King Fahd University of Petroleum and Minerals

College of Computer Sciences and Engineering

Department of Computer Engineering

COE 560: Computer Communication Networks

Spring 2002 (012)

Syllabus

Catalog Description

Architecture of Computer network with some examples. Techniques of data communication: data communication through circuit switching, message and packet switching via radio or satellite. Minimization of overheads in data communication, routing and flow control, capacity assignment, buffering and concentrating, etc. Communication interface: protocols, line control procedures.

Prerequisites: Consent of the Instructor or graduate standing

Text Book: D. Bertsekas and R. Gallagar, “Data Networks”. 2^nd Ed., Prentice Hall, 1992.

Reference Books:

1. J. Walrand & P. Varaiyan, “High-Performance Communication Network”, 2^nd Ed., Morgan Kaufmann, 2000.
2. A. Pattavina, “Switching Theory: Architecture and Performance on Broadband and ATM Networks”, John Wiley, 1998.
3. M. Guizani & A. Rayes, “Designing ATM Switching Netwrks”, McGraw Hill, 1999.
4. S. Lin & D. Costello, “ Error Control Coding: Fundamentals and Applications”, Prentice-Hall, 1983.
5. M. Schwartz, “ Broadband Integrated Networks”, Prentice Hall, 1996.

Instructor: Dr. Abdulaziz Almulhem            Office: 14/241 OR 22/317 Tel: 3960

Class Hours: SM 5:00-6:15pm             Classroom: 22/134

Office hours: By appointment

Email: almulhem                      www.ccse.kfupm.edu.sa/~almulhem

Grading Policy:

Homeworks:                             30%

Project & Term paper:   30%

Midterm:                                  20%            During class time

Final:                                        30%            As scheduled by the registrar

Topics to be covered:

1. Introduction to computer Networks.            Chapter 1            (1 Lecture)

Basic Terminology. Protocols. Communication Architecture. OSI Reference Model and Layering.

2. Review of basic Probability Theory.            Notes               (1 Lectures)

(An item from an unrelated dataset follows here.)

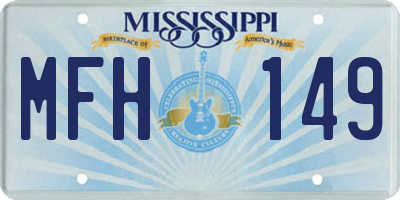 MS license plate MFH149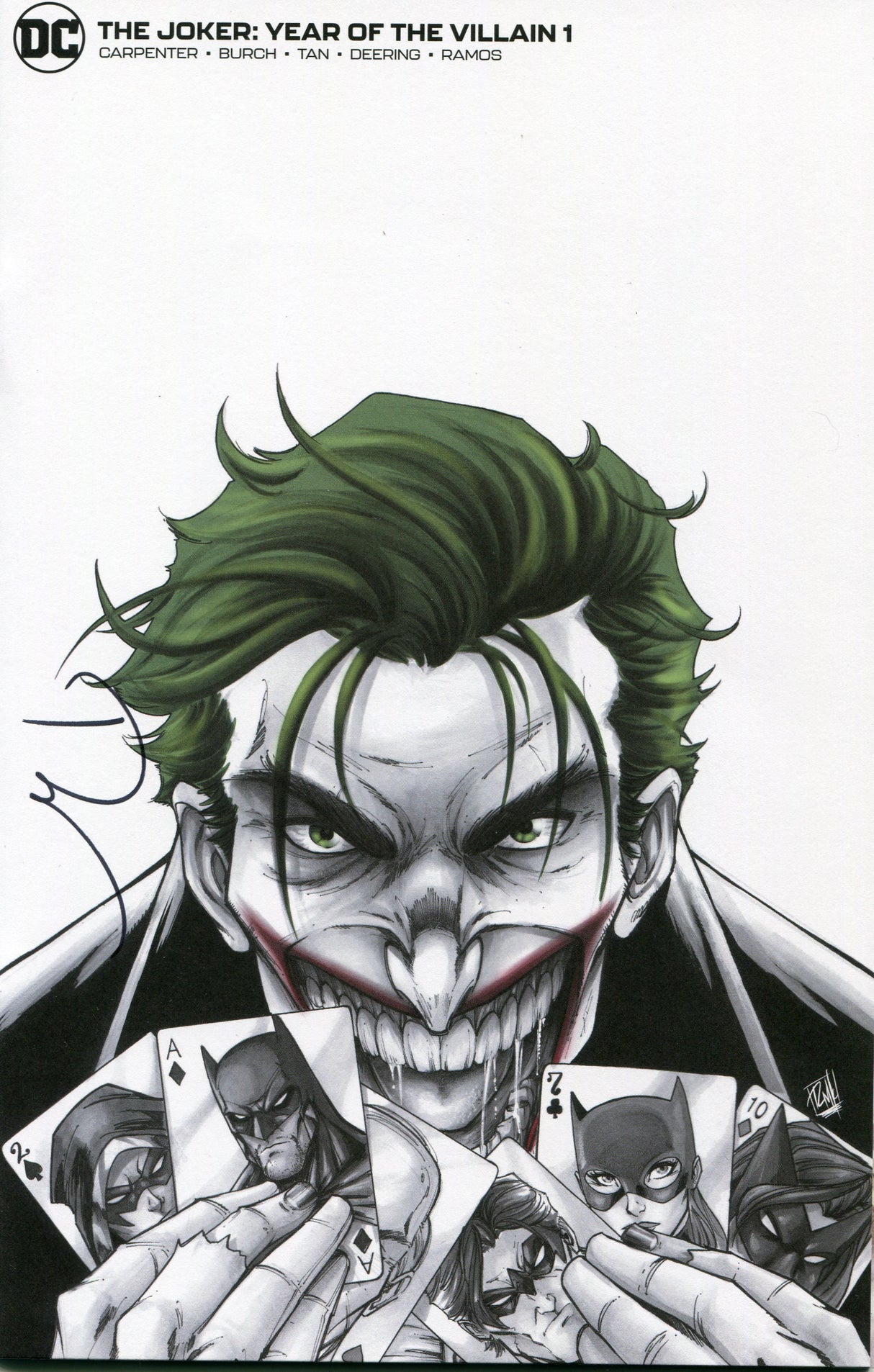 JOKER: YEAR OF THE VILLAIN #1 KINCAID - SKETCH - LTD 1500 - KEY ISSUE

Random variables and their properties. PDF and CDF. Continuous and discrete probability distributions.

3. Point-to-Point Protocols.                  Chapter 2                    (2 Lectures)

ARQ Protocols and Analysis. Point-to-Point protocol at the Network and Transport layers. ATM.

4. Delay Models in Data Networks.            Chapter 3                    (2 Lectures)

Introduction to  performance analysis. Little Theorem. Single queue models (M/M/1, etc). Network of queues.

5. Traffic modeling.                               Notes                           (2 Lectures)

Introduction to traffic modeling and characterization, packet voice modeling, video traffic modeling, MMPP model for video.

6. Switch design.                                    Notes                           (2 Lectures)

Introduction to packet switching, input versus output queuing, queuing discipline, self-routing switches.

7. Routing in Data Networks.                  Chapter 5                    (3 Lectures)

Design issues in routing. Shortest path algorithms. Routing algorithms. Optimal routing.

8. Flow and Congestion Control.            Chapter 6                    (3 Lectures)

Design issues of flow and congestion control. Window flow control schemes. Rate control schemes.

9. Project Presentations.                                                              (4 Lectures)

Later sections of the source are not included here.